介護現場に入ってから今まで、入浴介助に携わる機会が多くあります。

チェア浴、寝台浴、リフト浴、大浴場、個浴、様々な入浴方法を経験することができました。

入浴の順番にこだわりがある方、入浴が面倒だと行きたがらない方、こだわりがあって洋服を10枚以上も着こんでしまう方や、洗う手順が細かくある方、様々なご利用者さんと関わることができたのも楽しかったです。

どの介護施設に行っても感じるのは、入浴のスケジュールが良いテンポで回せている現場は、他の業務も割とスムーズに遂行できているような印象があります。

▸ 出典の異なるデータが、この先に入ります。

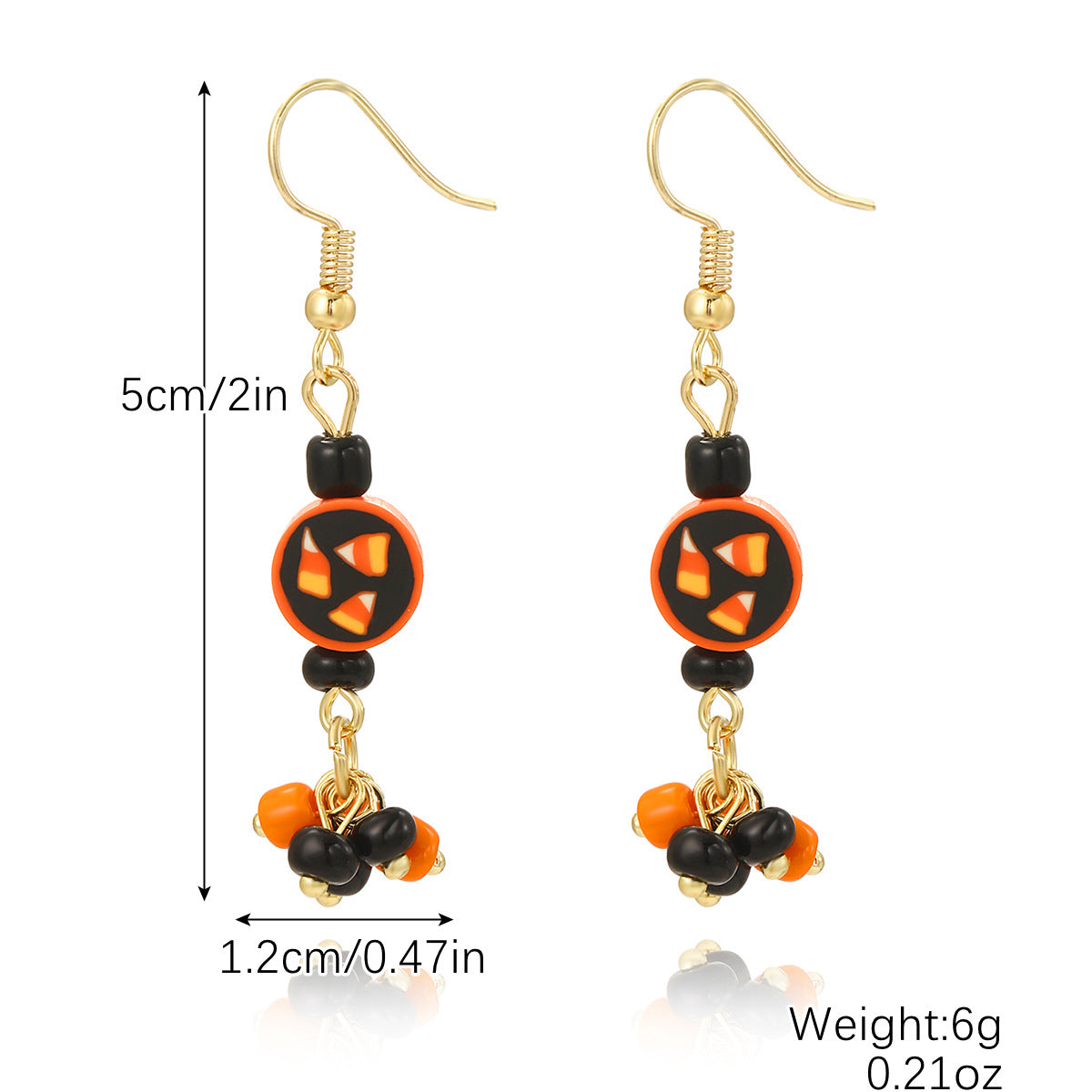 Wholesale Halloween Skull Bat Pumpkin Ghost Rice Bead Earrings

午前中はバタバタするから、午後が良いというご利用者はそのように対応。いつでも良いよという方で、処置がある方はナースが来やすい時間帯に。入浴後にお食事まで少し休みたいという方は、入浴を開始して早めの時間に、、など臨機応変にスケジュールを組みながら、それに柔軟に対応する意識がある現場は、ご利用者にも職員にもストレスが少なく行えていた印象でした。

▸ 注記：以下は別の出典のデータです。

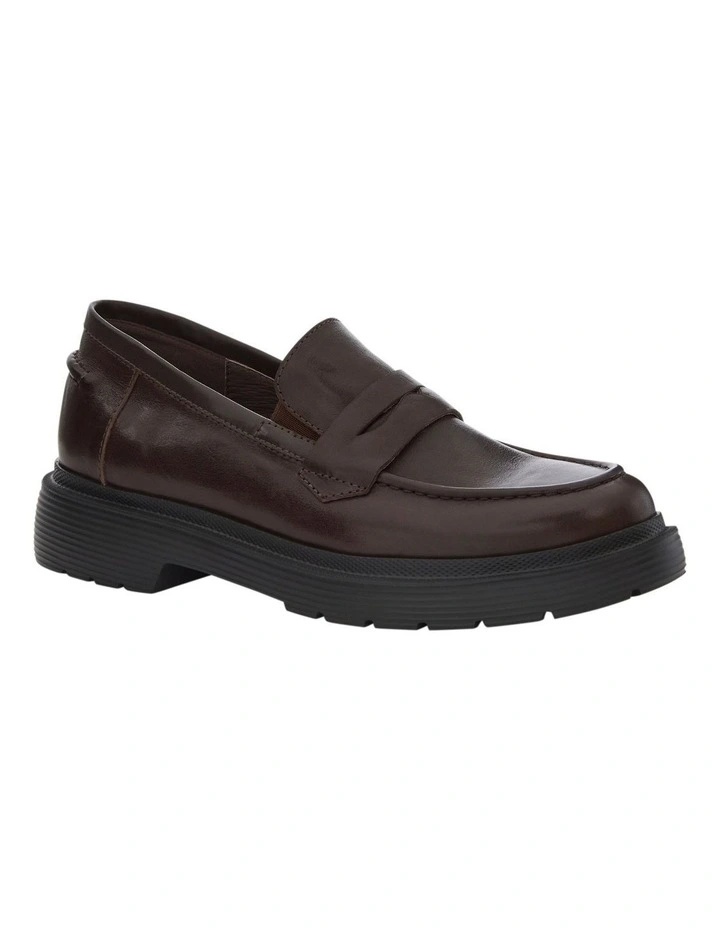 Eleanor Loafers in Chocolate Leather image 2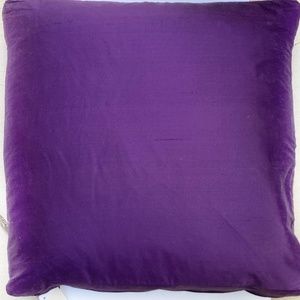 Shiraz silk violet 18” sq. pillow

また、ご利用者に伺って、入浴中にシーツ交換をさせてもらい、戻ってきたらすぐ休める環境づくりなどに努めていました。

入浴担当と、フロア担当の意識が切り離されることなく、一体となって業務に取り組めていたように感じます。

また、入浴までに着替えを準備してくれたり、事前にトイレのお声かけやバイタル測定を行ってくれたり。入浴から帰ってきたご利用者に飲み物を提供してくれたり。

みんなが業務に思いやりの気持ちをのせながら動けていたことで、ご利用者にも負担が少なく行えていたように感じます。


しかし、入浴業務がなかなか良いテンポで回せない現場では、だいたいが固定職員が担当している印象です。

このような現場は、入浴業務を行う職員の出勤に合わせて入浴スケジュールが組まれます。そのため、担当に当たらない職員の意識からは切り離されてしまい、独立?孤立?しているケアになってしまうと感じます。
入浴介助も、ケアの一つなのに、固定職員がやるものという意識になってしまうのです。

この固定職員が入浴を回すケースは、

①その現場に長くいるスタッフで、入浴介助が大変だからやりたくないという人だと、暗黙の雰囲気で担当をふらない事がある。

②勤務形態により優越がついてしまう雰囲気がある。
これは夜勤や遅番などフルタイムに入れる職員の意見が通りやすくなってしまう雰囲気です。

③リスク面や、職員の入れ替えなどで、入浴担当を割り振れない職員がいる状況。

様々な理由がありますが、だいたいはこれらの理由で業務に偏りが出る現場が多かったです。

入浴業務も、フロア業務も、大変さに優越はないと思います。固定職員が行うことで、入浴介助の現状を他職員と共有できず、とても孤立したケアになってしまいます。

たくさんの介護者が関われる施設介護の良さは、こういう点に出ると感じました。

ケアの在り方について、複数の職員と共有し考察できる。ケアに偏りが出ないようにチームで行うことで、介護者の負担を分配し、冷静なケアに努めることができると感じました。

1人のご利用者が週2回入るという目先の数字に縛られてしまい、忙しくなるとただ2回こなせばいいという雰囲気になる時もあります。それを勤務事情を考えながらも、ご利用者の立場に思いを巡らせながら、遂行できるように考えていく難しさもあります。

パワーを要する入浴業務ですが、ご利用者みんなが笑顔になるお風呂の時間。
リラックスして、普段できない話をしてくれる場でもあります。

ケアひとつひとつを、大事にできるフロアを目指すためには、介護現場ではなかなか難しい力量管理の課題が浮き彫りになります。

みんなが繋いでいく時間、ケアのリレーが、ご利用者にとって居心地の良い時間の流れ方になるように。
そして、職員が感じる大変さもやりがいに繋げられるように。

そのために、ケアの在り方を考え続けていきたいと感じます。